Demerson won an apology and compensation from the government when she was in her eighties.
Demerson was born in Saint John, New Brunswick, to a family of Greek ancestry. After her parents divorced, she lived in Toronto in a rooming house on Church Street with her mother, who supported the family by managing the house and reading tea leaves in the parlour under the name "Madam Alice". Her father, on the other hand, remained in Saint John, where he was a successful restaurateur.
At the age of 18, Demerson met Harry Yip in a Yonge Street café, where he worked as a waiter. Eventually gaining his attention, they began dating, and she soon moved in with him. When her father found out that she was involved with a Chinese man, he took a train from Saint John to Toronto to seek the intervention of the Toronto Police.
Demerson, a white Canadian of European ancestry, was arrested at the home of her fiancé, Harry Yip, by two constables after they had entered the apartment with her father who stated, "That's her." Pregnant with Yip's baby, she was convicted of being "incorrigible" under the Female Refuges Act of 1897.
The Ontario law, which was not repealed until 1964, allowed the government to arrest and institutionalize women between the ages of 16 and 35 for such behaviour as promiscuity, pregnancy out of wedlock, public drunkenness, prostitution, or vagrancy.

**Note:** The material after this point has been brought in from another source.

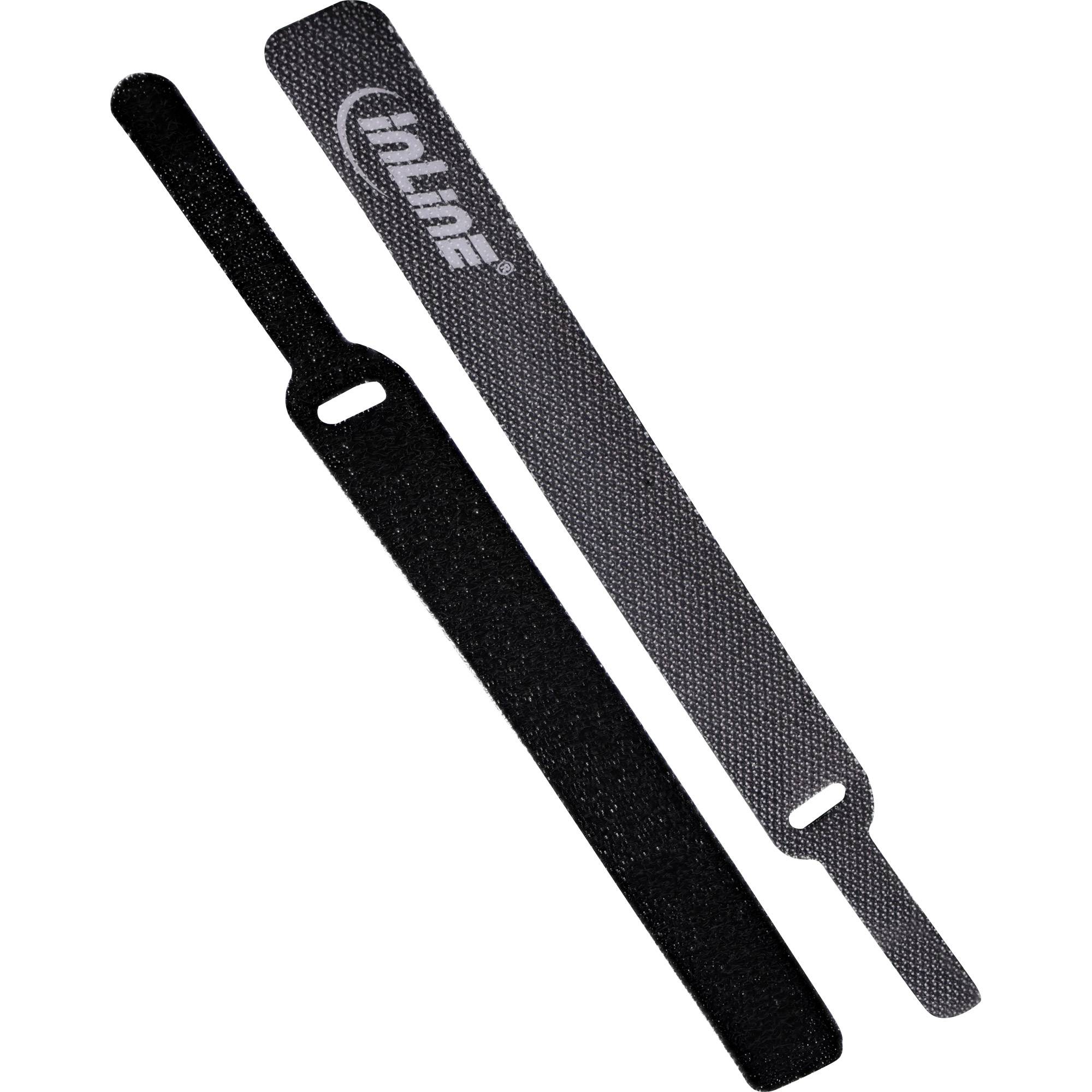 INLINE - Klettkabelbinder mit Lasche 12x150mm - 10er - schwarz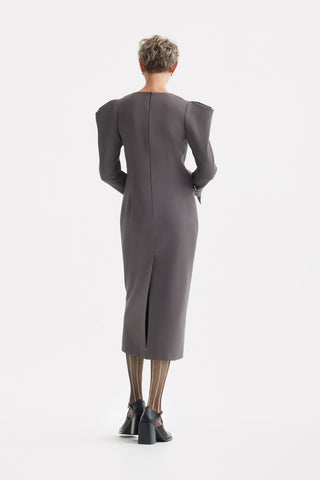 Evening Midi Straight Dress With Sculpted Shoulders – Taupe - Julia Allert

Demerson was incarcerated at the Mercer Reformatory for Women in Toronto for ten months for consorting with a Chinese man.
While incarcerated she gave birth to her mixed-race son, Harry Jr., who, at three months, was taken away from her until her release. She was subjected to several involuntary medical procedures by a "reformatory" doctor, a leading eugenics practitioner who was searching for evidence of physical deficiencies contributing to the moral defectives of "unmanageable women."
Upon her release from the Mercer Reformatory in 1940, she married Yip, but the marriage ended in divorce three years later. Frustrated that her son was also subject to racial taunting at school, she took him to Hong Kong to avoid bigotry and obtained work teaching English and shorthand to Chinese students. She found herself in financial distress, sent him back to Toronto, and returned herself to live with his father, who was unable to care for him and work and gave him up to foster care.